UBF(A)
UBF(A) - quick summary
UBF(A) is the transport format, it was designed to be easy to parse
and to be easy to write with a text editor. UBF(A) is based on a byte
encoded virtual machine, 26 byte codes are reserved. Instead of
allocating the bye codes from 0 we use the printable character codes
to make the format easy to read.
Primitive types
UBF(A) has four primitive types, when a primitive tag is recognized
it is pushed onto the "recognition stack" in our decoder.
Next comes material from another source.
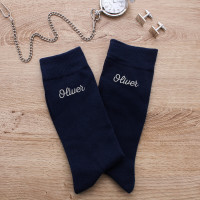 personalised navy name sock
The
primitive types are:
- Integers
- Integers are sequences of bytes which could be described by the
regular expression [-][0-9]+, that is an optional minus (to
denote a negative integer) and then a sequence of at least one digits.
No restrictions are made as to the precision of the integer, precision
issues will be dealt with in UBF(B).
- Strings
- Strings are written enclosed in double quotes, thus:
"...."
Within a string two quoting conventions are observed,
" must be written \" and \ must be written
\\ - no other quotings are allowed (this is so we can write a double quote within a string.
- Binary Data
- Uninterpreted blocks of binary data are encoded, thus:
Int ~....~
First an integer, representing the length of the binary data is
encoded, this is followed by a tilde, the data itself which must be exactly the
length given in the integer and than a closing tilde. The closing tilde
has no significance and is retained for readability. White space can be
added Between the integer length and the data for readability.
- Constants
- Constants are encoded as strings, only using a single quote
instead of a double quote.
Constants are commonly form in symbolic languages like lisp, Prolog or
Erlang. In C they would be represented by hashed strings. The
essential property of an constant is that two constants can be compared for
equality in constant time. These are used for representing
symbolic constants.
In addition any item can be followed by a semantic tag this is
written `...` - with in the tag the close quote is quoted as in the strings encoding. This tag has no meaning in UBF(A) but might have a meaning in UBF(B). For example:
12456 ~....~ `jpg`
Represents 12456 bytes of raw data with the semantic tag "jpg".
UBF(A) does not know what "jpg" means - this is passed on to UBF(B)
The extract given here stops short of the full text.